Inhabitants of the Central America were the first to learn how to produce chocolate, and they used it in liquid from. Supposedly, mankind (people of Mokaya culture) started relishing chocolate in 1900 BC. The heritage of Maya culture (paintings on walls, scripts and dish extant) speak of the usage of cacao. Chocolate was drunk, cacao was used as spice for meals. Liquid chocolate was usually not sweetened. By the way, it was available only for the nobility. Maya peoples, later Aztecs, liked the foam of the drink very much. Cacao beans used to be a monetary unit of the Maya and Aztec people. Cacao was also important for religious Aztec rituals.
In 1521, when the Spanish conquered Yucatan (currently Mexico), cacao beans were used as currency; however, the Spanish did not value cacao drink yet. Only after they decided to sweeten it by sugarcane sugar, the progeny of conquistadors started to like it. Then cacao spread over European wealthy men homes as a luxurious drink.
Chocolate started gaining popularity only in the other half of the XIX century, when mass production became possible thanks to the industry advancement. The most significant works of European inventors that contributed to development of chocolate:
In 1828, a Dutch chemist, C. van Houten, created a hydraulic press of cacao that allowed squeezing cacao butter of ground beans; mixing it with cacao and additives, bars of chocolate started to be produced;
In 1847, the enterprise managed by the English family, “J. S. Fry & Sons” invented the way how to mix cacao powder and sugar mass with melted cacao butter and to produce a bar of chocolate;
In 1867, a Swiss chemist, Henri Nestlé, invented the way how to produce milk powder by evaporation. The Swiss chocolate producer of Alsace origin, Daniel Peter, invented how to use Nestlé milk powder for production of a new kind of chocolate. In 1879, the first bar of milk chocolate was produced.
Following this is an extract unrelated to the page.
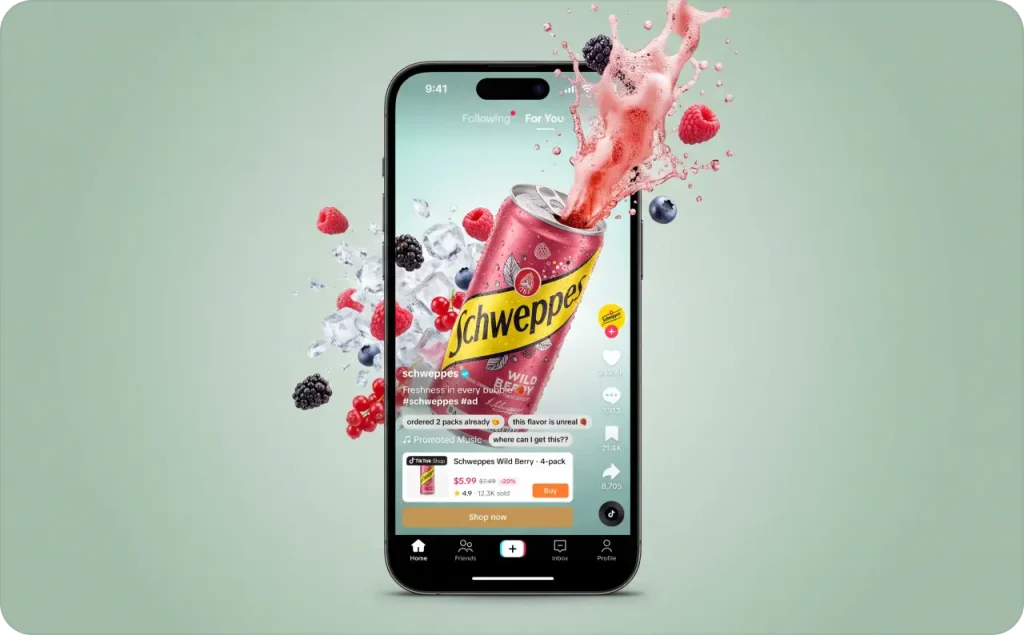 schweppes ai tiktok ad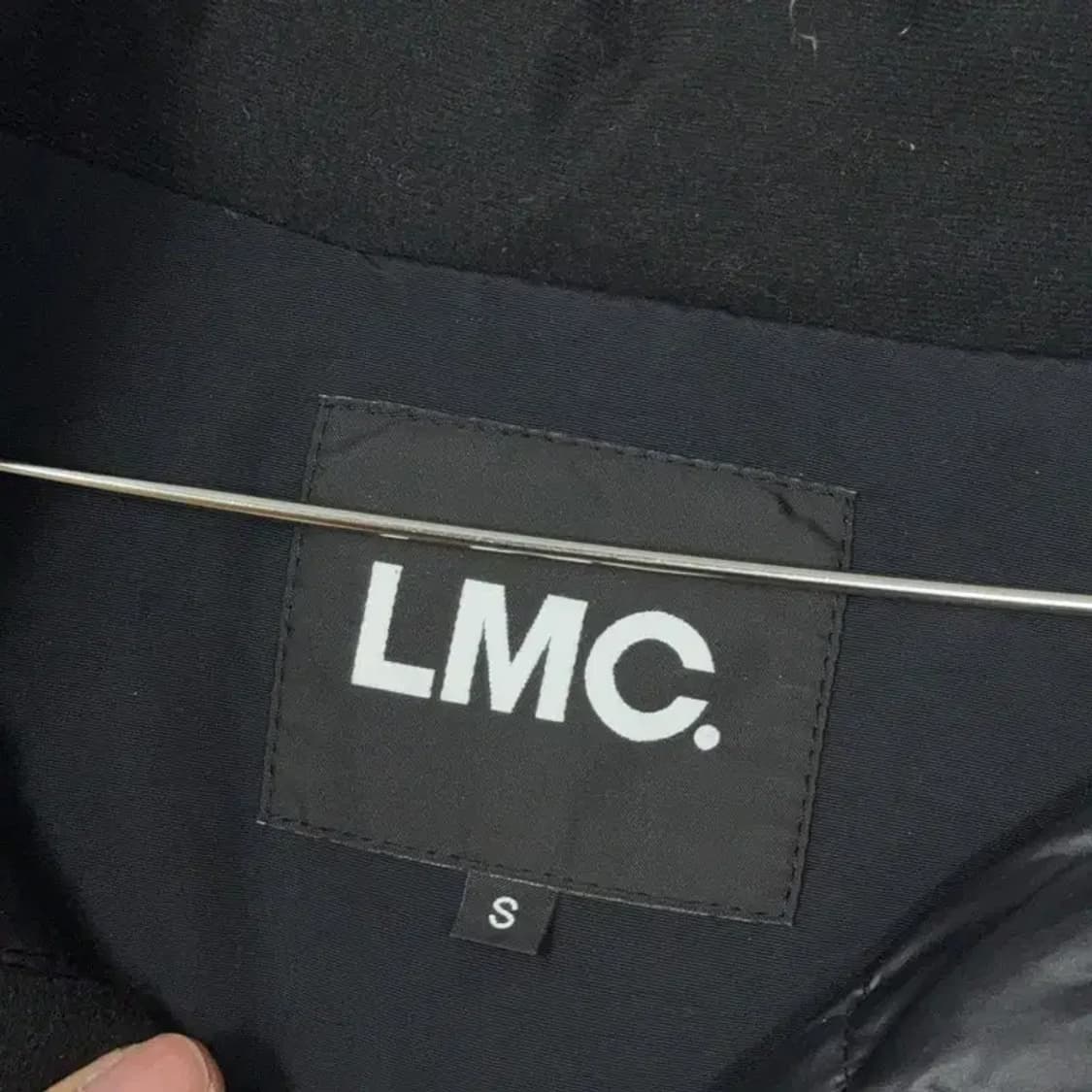 LMC 로고 프린팅 블랙 롱 패딩 S 상품이미지5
In 1879, a Swiss, Rudolph Lindt developed the process known as “conching” (a long rolling of products for chocolate production in a special machine); this then produced the world’s first real eating chocolate, that would melt in the mouth, was sweet and flavourful. In 1886, the chocolate industry reached Lithuania; M. Abramson established the first confectionery and chocolate factory in Vilnius.